The Lebanese Armed Forces withdrew from key border positions in southern Lebanon rather than contest Israel's ground advance. The LAF's roughly 80,000 active personnel lack the armour, air defence, and political mandate to confront the IDF. The decision preserved the army as an institution but ceded the territory it exists to defend.
The withdrawal places the LAF in a position defined by simultaneous and contradictory demands. Prime Minister Nawaf Salam declared all Hezbollah military operations illegal . The Justice Minister ordered prosecutors to arrest those who fired at Israel . Washington told Beirut the November 2024 Ceasefire is over and the US will not intervene unless Lebanon designates Hezbollah a terrorist organisation . The government is being asked to confront Hezbollah while the army steps aside for the force Hezbollah was armed to oppose.
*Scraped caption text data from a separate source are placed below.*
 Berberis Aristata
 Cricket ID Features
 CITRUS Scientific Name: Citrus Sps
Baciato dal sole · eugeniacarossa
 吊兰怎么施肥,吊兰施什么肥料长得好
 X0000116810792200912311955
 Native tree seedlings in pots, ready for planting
That sequence asks Lebanese citizens to accept both Israeli military control of their southern border and the dismantling of the only armed force that has historically contested it.
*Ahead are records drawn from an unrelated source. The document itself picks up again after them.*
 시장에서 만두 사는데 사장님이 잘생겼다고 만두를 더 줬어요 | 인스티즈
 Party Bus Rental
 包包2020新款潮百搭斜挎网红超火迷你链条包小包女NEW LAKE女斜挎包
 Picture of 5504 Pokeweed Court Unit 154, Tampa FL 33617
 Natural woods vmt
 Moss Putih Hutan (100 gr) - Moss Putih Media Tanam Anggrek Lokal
The LAF stood aside in 2006 as well — it lacked the capacity to fight either Israel or Hezbollah and chose institutional survival over a battle it could not win. That precedent produced UNSCR 1701, which required that only the LAF and UNIFIL operate south of the Litani River. Twenty years later, neither condition has been met. Hezbollah never withdrew. The LAF never enforced the resolution. Israel's current advance is, in part, a consequence of that two-decade failure — and the army's withdrawal this week ensures the same dynamic will reassert itself whenever the current fighting stops: an army that cannot hold the border, a militia that will not leave it, and a population trapped between both.